## Your goal
Give back only the lines in the records below from the one with "s Stainless Steel Silver Dial Men" to the one with "Пижама хлопковая детская", both inclusive, word for word.

## Entries shown
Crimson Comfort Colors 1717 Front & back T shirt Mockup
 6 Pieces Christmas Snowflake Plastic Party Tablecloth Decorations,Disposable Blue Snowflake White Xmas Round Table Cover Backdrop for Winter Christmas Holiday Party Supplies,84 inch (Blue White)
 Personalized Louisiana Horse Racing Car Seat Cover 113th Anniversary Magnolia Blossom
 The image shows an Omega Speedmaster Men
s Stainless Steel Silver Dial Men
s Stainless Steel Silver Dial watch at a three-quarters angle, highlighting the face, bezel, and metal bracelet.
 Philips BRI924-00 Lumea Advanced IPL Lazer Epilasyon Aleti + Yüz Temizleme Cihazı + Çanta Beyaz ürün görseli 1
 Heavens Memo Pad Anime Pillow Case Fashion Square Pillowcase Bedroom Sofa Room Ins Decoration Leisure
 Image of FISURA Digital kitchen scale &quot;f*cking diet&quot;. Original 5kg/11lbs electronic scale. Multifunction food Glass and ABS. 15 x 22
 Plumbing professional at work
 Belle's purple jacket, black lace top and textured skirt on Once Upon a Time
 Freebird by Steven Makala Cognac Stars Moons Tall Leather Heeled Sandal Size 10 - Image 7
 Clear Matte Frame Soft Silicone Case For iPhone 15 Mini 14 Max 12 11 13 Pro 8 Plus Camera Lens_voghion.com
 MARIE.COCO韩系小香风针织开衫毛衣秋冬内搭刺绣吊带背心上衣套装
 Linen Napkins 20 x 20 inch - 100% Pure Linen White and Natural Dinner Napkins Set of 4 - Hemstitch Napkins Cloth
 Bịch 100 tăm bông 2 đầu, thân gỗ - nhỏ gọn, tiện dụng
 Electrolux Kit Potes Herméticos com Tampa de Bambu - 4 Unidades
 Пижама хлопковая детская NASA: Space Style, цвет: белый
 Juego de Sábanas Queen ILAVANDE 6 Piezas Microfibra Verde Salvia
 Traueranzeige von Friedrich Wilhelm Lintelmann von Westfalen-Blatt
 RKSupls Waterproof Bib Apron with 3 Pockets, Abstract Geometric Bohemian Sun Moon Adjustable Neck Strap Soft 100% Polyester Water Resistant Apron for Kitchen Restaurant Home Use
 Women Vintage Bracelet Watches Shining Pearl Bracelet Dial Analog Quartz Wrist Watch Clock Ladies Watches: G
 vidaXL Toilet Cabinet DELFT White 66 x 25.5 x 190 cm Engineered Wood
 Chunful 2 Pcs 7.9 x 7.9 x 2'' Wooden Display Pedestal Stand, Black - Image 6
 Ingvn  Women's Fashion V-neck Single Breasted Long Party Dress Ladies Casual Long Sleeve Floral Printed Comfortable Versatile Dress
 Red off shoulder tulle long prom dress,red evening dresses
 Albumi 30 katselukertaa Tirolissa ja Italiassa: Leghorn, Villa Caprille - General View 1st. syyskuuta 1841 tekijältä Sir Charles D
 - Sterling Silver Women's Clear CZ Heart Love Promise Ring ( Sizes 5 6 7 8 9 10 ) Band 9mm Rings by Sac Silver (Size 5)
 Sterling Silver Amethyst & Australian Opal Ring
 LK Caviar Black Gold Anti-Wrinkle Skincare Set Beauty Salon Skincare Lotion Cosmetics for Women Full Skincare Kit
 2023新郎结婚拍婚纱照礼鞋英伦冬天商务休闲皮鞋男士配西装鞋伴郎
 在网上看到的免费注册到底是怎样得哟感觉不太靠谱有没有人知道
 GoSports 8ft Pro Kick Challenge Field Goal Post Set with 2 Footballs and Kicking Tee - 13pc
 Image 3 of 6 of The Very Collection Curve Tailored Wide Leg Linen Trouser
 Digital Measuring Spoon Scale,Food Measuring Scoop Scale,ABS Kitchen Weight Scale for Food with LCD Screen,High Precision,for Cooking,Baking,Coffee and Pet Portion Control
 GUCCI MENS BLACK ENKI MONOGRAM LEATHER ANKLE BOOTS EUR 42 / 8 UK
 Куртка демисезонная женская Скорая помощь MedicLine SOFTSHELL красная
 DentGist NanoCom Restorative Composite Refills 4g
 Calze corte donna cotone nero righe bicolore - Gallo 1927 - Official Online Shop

## Solution to this exercise
s Stainless Steel Silver Dial Men
s Stainless Steel Silver Dial watch at a three-quarters angle, highlighting the face, bezel, and metal bracelet.
 Philips BRI924-00 Lumea Advanced IPL Lazer Epilasyon Aleti + Yüz Temizleme Cihazı + Çanta Beyaz ürün görseli 1
 Heavens Memo Pad Anime Pillow Case Fashion Square Pillowcase Bedroom Sofa Room Ins Decoration Leisure
 Image of FISURA Digital kitchen scale &quot;f*cking diet&quot;. Original 5kg/11lbs electronic scale. Multifunction food Glass and ABS. 15 x 22
 Plumbing professional at work
 Belle's purple jacket, black lace top and textured skirt on Once Upon a Time
 Freebird by Steven Makala Cognac Stars Moons Tall Leather Heeled Sandal Size 10 - Image 7
 Clear Matte Frame Soft Silicone Case For iPhone 15 Mini 14 Max 12 11 13 Pro 8 Plus Camera Lens_voghion.com
 MARIE.COCO韩系小香风针织开衫毛衣秋冬内搭刺绣吊带背心上衣套装
 Linen Napkins 20 x 20 inch - 100% Pure Linen White and Natural Dinner Napkins Set of 4 - Hemstitch Napkins Cloth
 Bịch 100 tăm bông 2 đầu, thân gỗ - nhỏ gọn, tiện dụng
 Electrolux Kit Potes Herméticos com Tampa de Bambu - 4 Unidades
 Пижама хлопковая детская NASA: Space Style, цвет: белый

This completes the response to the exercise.